Given the limited environments that they are in, this is entirely possible once relevant understanding is pre-programmed into the robots. Given a SHRDLU-esque approach, it may even be possible to “program” newer commands on the fly through speech by mapping complex actions into the limited set of simple actions given the environment.
ReplyDelete
Replies
Bowei (Brad) WangNovember 17, 2013 at 1:11 PM
Teller's paper on the construction of a voice-command able forklift addresses the inconvenience of having the user input every task as a series of subtasks for the forklift. The more subtasks the user has to input through voice and gestures, the more room for error there is. The research propose to build a system that would identify the necessary subtasks to perform every time a command is given to it.

I think incorporating a dialogue system may help build an accurate subtask identification module. We have seen systems that can identify subtasks without dialogue with the user, such as the backward chaining planner in SHRDLU's backwards planning module. However, SHRDLU's block environment consists of only simple physics, while the forklift has to operate in complicated, real life settings. Therefore a task given to the forklift might have many ways of being broken down into subtasks. If dialogue could be carried out withe user using techniques such as POMDPs to guess the user state, the machine may be able to learn what types of subtasks each user would want it to perform in order to complete a request.

A simple scenario to illustrate the idea would be if the forklift realized it needed to remove some garbage before it could go to where it was instructed to go. It would ask the user where to put the garbage, and overtime it would learn the user's preference for future situations.
ReplyDelete
Replies
Lixing LianNovember 17, 2013 at 1:13 PM
The Teller et al. paper introduces that the forklift is able to perform rudimentary pallet manipulation outdoors in an unprepared environment. It uses a tablet to recognizes spoken commands and sketch gestures. However, the spoken commands are limited to a small set of utterances directing movement.
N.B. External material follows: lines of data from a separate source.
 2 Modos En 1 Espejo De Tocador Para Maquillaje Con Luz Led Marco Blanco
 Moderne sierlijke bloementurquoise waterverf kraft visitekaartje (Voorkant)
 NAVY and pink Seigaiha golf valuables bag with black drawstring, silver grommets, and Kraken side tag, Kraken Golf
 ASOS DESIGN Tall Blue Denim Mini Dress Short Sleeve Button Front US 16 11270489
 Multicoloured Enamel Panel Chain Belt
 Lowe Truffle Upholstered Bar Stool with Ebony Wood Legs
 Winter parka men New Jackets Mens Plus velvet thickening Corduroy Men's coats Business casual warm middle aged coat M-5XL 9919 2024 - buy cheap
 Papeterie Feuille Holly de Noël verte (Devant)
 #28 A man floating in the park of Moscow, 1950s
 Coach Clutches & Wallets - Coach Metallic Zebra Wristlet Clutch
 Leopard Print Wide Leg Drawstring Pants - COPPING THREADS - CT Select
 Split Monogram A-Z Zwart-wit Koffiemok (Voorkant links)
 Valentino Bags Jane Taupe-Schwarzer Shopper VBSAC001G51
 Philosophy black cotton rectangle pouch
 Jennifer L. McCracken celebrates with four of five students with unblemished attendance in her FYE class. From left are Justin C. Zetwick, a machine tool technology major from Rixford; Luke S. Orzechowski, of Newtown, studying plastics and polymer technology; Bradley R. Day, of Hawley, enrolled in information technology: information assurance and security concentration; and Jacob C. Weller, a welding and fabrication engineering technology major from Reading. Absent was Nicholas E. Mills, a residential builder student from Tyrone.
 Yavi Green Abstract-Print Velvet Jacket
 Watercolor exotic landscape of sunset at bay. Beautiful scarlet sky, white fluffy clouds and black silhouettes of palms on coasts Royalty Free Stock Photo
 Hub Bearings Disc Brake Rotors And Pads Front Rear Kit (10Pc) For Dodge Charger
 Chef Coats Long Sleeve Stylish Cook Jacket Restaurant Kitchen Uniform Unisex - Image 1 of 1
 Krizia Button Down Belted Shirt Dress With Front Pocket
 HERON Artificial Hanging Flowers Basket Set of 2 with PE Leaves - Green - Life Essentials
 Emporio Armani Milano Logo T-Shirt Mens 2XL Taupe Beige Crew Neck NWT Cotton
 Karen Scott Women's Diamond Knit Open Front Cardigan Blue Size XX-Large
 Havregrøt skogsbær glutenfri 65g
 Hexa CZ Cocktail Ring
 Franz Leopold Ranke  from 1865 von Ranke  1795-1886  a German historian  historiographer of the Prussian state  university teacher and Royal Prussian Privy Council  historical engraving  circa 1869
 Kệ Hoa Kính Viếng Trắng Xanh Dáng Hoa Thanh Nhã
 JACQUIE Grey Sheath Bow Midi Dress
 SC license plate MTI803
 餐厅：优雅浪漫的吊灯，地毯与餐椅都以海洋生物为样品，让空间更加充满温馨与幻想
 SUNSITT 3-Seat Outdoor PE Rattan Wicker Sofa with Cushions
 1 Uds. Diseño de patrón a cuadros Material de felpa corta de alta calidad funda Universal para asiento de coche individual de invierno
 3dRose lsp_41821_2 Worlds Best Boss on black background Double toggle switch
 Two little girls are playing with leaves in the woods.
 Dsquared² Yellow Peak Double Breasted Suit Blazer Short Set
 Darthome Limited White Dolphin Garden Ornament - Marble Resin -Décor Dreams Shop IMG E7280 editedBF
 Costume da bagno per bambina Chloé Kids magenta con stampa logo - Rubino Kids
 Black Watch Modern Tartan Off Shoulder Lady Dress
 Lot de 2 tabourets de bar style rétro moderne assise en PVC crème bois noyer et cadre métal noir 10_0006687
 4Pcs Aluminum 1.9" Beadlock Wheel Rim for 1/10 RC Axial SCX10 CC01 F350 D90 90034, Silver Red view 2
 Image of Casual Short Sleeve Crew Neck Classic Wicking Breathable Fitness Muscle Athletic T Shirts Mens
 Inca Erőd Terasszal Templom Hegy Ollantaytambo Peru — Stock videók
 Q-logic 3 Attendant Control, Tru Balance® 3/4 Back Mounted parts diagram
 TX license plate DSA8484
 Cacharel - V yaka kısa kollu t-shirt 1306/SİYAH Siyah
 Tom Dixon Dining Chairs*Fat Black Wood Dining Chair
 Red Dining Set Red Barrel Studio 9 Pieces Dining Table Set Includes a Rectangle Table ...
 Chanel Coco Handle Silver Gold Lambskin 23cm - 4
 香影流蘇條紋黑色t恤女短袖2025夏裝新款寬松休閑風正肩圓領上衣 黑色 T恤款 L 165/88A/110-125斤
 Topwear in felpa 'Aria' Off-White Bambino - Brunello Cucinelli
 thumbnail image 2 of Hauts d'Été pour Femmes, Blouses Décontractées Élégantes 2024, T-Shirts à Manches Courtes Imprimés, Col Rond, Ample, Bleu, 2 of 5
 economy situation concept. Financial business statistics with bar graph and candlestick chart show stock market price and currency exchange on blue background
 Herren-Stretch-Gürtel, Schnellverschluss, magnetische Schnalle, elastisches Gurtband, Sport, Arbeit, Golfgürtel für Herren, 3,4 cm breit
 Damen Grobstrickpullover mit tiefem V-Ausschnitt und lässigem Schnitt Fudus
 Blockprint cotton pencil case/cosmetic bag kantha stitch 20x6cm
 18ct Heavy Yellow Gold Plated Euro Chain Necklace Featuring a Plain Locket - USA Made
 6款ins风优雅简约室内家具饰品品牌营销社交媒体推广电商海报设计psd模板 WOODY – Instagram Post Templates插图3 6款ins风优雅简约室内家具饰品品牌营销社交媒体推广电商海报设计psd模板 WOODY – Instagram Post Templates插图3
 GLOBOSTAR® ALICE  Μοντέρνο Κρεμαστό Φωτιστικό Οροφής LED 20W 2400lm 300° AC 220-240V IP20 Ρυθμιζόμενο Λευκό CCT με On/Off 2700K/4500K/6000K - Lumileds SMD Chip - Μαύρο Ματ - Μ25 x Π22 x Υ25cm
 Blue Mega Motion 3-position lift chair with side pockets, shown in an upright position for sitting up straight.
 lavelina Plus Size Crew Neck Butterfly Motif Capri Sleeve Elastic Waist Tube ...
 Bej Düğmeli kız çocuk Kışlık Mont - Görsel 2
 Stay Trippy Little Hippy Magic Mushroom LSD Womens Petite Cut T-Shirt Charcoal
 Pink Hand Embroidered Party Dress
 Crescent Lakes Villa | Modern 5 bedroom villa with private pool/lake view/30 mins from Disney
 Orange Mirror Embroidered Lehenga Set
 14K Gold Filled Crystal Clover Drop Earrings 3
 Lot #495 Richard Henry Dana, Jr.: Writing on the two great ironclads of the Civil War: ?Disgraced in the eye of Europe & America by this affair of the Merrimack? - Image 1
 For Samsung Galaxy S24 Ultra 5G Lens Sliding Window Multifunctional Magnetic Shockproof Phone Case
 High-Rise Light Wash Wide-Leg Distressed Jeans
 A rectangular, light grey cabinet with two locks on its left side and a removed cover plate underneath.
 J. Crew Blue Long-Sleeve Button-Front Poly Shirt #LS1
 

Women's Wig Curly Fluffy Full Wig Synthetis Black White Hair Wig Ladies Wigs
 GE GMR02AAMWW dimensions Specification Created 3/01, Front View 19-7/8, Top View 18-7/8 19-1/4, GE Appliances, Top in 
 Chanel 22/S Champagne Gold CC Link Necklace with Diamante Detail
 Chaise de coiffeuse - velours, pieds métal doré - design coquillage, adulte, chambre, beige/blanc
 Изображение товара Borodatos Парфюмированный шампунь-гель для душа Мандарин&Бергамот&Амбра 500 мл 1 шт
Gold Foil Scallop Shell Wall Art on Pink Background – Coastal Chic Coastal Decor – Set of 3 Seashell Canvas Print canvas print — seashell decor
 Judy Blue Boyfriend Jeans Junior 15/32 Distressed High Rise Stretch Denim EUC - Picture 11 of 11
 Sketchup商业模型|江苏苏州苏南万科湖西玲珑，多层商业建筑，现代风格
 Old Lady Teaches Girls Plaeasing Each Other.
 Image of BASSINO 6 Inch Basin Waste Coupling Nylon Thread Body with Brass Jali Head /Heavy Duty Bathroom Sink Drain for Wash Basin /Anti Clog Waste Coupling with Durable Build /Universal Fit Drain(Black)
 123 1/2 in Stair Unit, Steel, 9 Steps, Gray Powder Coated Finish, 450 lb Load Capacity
The Knepper et al. paper provides manual-generated geometric/CAD files as the input. The input ﬁle provides a list of part types as well as the number of instances of each part. For each part type, it is specified with ‘file’, ‘center’ and ‘holes’. For each hole, it defines ‘diameter’, ‘position’, ‘direction’ and optional with ‘pass_through’. For the Bollini et al. paper, the BakeBot is able to collect recipes online as plain-text format, and then parse the recipes into a sequence of baking primitives to execute that correspond to the recipes and execute them for the beneﬁt of its human partners. If the BakeBot encounters unsupported baking primitives, it will ask the human for help executing it.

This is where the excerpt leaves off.